Fogel & Potamianos LLP has offices in Los Angeles, CA (Headquarters) and Austin, TX. Jerome Fogel and Constantine Potamianos are the leaders that run each office.

In the early stages of a company, sights are set high. Founders genuinely believe the company can be the next unicorn. Yet the reality is that most companies are either stunning failures (company goes to zero) or have intermediate success (exit for enough to pay preferred shareholders and very little for common shareholders). There are much fewer stunning winners (where all shareholders win).
The stunning failures, while heartbreaking, have an element of fairness to them. All lose. All share the pain. But it is the intermediate scenarios that provide the most tension between the interests of preferred shareholders and common shareholders. And it is the duty of the directors of the company to wisely navigate this tension and conflict.

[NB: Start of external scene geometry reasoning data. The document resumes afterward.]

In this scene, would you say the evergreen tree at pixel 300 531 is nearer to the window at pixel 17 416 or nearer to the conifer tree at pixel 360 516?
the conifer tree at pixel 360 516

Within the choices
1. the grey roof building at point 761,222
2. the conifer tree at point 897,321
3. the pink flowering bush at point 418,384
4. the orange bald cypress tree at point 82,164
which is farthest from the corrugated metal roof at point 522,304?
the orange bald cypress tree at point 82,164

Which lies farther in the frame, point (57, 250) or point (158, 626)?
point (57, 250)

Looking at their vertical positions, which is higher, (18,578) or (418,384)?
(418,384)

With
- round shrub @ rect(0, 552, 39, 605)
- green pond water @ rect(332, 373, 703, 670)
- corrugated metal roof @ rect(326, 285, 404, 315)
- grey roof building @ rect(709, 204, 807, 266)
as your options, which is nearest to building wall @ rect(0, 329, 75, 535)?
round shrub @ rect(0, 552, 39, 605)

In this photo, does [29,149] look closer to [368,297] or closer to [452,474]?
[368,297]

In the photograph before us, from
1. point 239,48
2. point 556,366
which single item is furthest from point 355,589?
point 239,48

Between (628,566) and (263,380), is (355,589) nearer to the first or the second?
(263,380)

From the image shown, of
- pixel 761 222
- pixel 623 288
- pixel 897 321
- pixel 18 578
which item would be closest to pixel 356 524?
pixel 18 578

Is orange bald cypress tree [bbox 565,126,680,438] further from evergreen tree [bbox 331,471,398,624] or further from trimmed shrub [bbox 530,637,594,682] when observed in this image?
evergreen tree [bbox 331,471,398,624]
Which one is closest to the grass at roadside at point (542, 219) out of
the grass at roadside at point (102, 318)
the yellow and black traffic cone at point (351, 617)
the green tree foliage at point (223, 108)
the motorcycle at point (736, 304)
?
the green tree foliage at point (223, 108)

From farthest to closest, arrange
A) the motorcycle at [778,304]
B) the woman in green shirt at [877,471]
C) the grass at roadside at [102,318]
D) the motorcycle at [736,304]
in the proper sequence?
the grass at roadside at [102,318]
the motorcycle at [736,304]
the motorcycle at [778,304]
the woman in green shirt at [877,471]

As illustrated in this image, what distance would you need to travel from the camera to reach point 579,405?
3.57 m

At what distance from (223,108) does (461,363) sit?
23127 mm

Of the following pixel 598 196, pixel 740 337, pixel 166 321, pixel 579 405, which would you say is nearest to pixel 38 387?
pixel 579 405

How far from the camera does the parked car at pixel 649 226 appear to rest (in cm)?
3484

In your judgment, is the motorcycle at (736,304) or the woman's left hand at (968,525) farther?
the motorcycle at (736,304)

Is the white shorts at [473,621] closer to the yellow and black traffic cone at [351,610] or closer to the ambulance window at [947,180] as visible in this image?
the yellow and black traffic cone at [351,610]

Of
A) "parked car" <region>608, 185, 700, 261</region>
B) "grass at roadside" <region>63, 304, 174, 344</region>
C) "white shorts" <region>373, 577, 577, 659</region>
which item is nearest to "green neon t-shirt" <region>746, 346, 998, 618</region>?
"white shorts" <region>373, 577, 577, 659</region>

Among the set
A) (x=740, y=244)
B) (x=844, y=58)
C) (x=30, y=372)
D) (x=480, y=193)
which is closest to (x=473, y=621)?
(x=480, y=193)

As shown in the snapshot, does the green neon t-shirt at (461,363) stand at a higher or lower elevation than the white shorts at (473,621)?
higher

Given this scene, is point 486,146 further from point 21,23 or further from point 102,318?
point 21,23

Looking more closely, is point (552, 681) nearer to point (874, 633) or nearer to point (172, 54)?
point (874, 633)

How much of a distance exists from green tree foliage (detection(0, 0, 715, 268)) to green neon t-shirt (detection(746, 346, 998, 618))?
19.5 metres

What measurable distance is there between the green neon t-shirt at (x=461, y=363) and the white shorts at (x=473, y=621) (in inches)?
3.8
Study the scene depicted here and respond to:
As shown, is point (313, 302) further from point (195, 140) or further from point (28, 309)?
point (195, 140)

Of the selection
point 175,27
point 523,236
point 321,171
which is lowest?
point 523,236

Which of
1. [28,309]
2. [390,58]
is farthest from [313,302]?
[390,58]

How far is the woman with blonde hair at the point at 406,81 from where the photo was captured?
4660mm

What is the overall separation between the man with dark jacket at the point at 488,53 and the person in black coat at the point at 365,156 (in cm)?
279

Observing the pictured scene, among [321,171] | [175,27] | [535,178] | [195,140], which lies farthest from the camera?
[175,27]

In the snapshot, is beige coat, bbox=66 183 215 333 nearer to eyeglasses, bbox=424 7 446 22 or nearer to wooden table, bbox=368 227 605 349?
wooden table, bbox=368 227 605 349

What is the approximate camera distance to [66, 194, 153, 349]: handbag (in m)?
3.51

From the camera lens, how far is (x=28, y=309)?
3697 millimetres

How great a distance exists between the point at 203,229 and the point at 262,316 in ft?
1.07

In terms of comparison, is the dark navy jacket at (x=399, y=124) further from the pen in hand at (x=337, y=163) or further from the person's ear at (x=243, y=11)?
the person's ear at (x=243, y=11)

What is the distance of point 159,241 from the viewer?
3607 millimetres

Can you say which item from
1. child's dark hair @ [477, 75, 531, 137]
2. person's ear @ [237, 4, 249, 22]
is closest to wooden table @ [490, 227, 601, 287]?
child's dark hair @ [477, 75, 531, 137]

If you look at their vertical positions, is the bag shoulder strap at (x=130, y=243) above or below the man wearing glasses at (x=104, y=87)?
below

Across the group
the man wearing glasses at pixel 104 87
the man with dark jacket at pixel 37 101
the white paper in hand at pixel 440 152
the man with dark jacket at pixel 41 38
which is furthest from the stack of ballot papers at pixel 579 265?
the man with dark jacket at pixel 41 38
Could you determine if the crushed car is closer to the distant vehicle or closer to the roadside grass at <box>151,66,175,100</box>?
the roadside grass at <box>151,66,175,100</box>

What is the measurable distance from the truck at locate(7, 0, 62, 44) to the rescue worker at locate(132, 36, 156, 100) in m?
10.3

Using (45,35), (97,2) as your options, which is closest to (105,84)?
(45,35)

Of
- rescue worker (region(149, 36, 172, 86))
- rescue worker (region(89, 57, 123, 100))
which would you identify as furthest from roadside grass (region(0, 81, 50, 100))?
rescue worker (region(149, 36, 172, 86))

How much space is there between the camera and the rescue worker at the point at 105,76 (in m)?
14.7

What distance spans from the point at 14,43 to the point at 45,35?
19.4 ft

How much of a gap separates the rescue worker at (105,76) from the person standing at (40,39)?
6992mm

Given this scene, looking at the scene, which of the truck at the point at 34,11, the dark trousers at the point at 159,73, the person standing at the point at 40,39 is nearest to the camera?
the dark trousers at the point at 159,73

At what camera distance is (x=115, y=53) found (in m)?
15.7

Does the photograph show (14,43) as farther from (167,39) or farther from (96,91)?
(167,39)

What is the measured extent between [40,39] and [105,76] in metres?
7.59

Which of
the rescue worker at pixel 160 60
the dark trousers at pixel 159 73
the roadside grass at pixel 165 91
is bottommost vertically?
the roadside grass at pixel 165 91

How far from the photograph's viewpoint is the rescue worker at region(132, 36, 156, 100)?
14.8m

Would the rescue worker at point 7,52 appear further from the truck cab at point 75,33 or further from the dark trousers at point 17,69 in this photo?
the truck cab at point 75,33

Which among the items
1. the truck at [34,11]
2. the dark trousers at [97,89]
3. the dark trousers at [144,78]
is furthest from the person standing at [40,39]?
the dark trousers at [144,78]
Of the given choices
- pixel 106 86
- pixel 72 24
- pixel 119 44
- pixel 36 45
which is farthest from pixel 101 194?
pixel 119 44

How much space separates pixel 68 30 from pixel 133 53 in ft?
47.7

It is this very intermediate scenario that Amazon’s acquisition of Zoox touches and led to a lawsuit by plaintiff former employee common shareholders. While the headline (a $1.3B deal in 2020) may seem impressive to some, given that the last valuation prior to that was at $3B, this scenario created predictable pain for the most diluted shareholders. While the case did not disclose the liquidation preferences of preferred shareholders, it appears that of the $1.3B cash offer, less than $100MM went to common shareholders; approximately $1.07B went preferred shareholders with liquidation preferences and the convertibles, and $200MM was a transaction bonus that went to a select group of top common shareholders. Given that Zoox raised approximately $1B from investors, it’s likely that preferred shareholders and convertibles received around their investment back – a non-participating 1X preference for preferred shareholders. Major common shareholders such as co-founders received the lions’ share of the remaining, with a bonus pool of cash and Amazon restricted shares for employees who stayed on. The former employees received 69 to 76 cents per share at closing, and they sued Amazon, Zoox executives, and Zoox directors, with only the former two claims remaining.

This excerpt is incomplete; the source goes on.